YOUR INSTRUCTIONS -> Two lines in the data below mark the range: the one with "Canon EOS 100D" and the one with "板倉ふれあい児童館の絵本の部屋の写真". Return both, along with every line between them, exactly.

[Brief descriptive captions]
★ ★ ★ ★ ★ ★ ★

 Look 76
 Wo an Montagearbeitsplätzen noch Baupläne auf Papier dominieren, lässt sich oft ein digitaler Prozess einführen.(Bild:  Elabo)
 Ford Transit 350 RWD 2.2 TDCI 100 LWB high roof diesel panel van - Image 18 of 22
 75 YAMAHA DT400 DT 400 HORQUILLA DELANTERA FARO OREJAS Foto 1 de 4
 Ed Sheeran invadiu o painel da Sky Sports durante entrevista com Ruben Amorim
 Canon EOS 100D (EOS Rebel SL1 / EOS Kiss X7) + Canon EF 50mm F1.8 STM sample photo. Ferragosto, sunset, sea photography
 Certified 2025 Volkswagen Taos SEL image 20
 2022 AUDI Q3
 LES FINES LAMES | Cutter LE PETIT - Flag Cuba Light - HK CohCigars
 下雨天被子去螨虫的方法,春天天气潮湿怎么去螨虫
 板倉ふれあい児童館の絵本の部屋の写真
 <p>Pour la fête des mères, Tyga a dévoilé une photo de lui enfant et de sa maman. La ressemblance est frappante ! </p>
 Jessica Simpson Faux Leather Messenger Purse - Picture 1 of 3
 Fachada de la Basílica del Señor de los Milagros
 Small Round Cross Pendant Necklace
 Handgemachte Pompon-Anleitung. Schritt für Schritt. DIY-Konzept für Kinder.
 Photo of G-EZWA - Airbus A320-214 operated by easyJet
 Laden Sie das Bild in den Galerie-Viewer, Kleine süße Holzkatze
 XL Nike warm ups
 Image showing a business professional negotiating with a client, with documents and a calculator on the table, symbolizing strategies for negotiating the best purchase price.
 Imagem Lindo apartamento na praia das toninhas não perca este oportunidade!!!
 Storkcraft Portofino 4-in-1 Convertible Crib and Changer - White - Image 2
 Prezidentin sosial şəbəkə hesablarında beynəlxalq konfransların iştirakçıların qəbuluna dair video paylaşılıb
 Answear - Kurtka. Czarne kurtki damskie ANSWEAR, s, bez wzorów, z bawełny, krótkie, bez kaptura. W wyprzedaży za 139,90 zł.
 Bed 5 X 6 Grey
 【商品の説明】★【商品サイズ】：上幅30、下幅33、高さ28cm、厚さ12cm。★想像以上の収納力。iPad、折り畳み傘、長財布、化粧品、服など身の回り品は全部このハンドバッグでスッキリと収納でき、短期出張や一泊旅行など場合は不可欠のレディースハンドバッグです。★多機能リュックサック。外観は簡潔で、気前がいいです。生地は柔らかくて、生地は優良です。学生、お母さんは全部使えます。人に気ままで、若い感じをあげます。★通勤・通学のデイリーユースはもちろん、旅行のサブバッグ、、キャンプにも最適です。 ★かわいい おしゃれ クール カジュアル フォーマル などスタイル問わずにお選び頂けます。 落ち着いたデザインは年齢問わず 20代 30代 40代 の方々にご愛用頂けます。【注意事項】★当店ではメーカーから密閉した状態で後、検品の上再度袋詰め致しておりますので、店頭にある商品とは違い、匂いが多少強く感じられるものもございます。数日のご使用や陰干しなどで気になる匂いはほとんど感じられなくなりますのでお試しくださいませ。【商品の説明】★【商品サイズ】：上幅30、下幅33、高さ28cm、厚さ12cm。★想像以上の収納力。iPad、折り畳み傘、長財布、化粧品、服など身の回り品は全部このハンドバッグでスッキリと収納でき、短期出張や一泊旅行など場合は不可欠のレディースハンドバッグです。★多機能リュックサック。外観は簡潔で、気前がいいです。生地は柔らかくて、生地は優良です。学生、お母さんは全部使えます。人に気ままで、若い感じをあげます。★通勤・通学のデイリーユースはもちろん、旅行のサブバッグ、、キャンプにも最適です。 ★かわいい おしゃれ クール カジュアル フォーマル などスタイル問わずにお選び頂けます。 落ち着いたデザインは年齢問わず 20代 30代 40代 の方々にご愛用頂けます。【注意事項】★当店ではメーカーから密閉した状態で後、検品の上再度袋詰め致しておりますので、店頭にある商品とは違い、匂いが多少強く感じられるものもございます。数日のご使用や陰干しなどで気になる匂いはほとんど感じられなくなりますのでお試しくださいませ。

★ ★ ★ ★ ★ ★ ★

EXERCISE SOLUTION ->
 Canon EOS 100D (EOS Rebel SL1 / EOS Kiss X7) + Canon EF 50mm F1.8 STM sample photo. Ferragosto, sunset, sea photography
 Certified 2025 Volkswagen Taos SEL image 20
 2022 AUDI Q3
 LES FINES LAMES | Cutter LE PETIT - Flag Cuba Light - HK CohCigars
 下雨天被子去螨虫的方法,春天天气潮湿怎么去螨虫
 板倉ふれあい児童館の絵本の部屋の写真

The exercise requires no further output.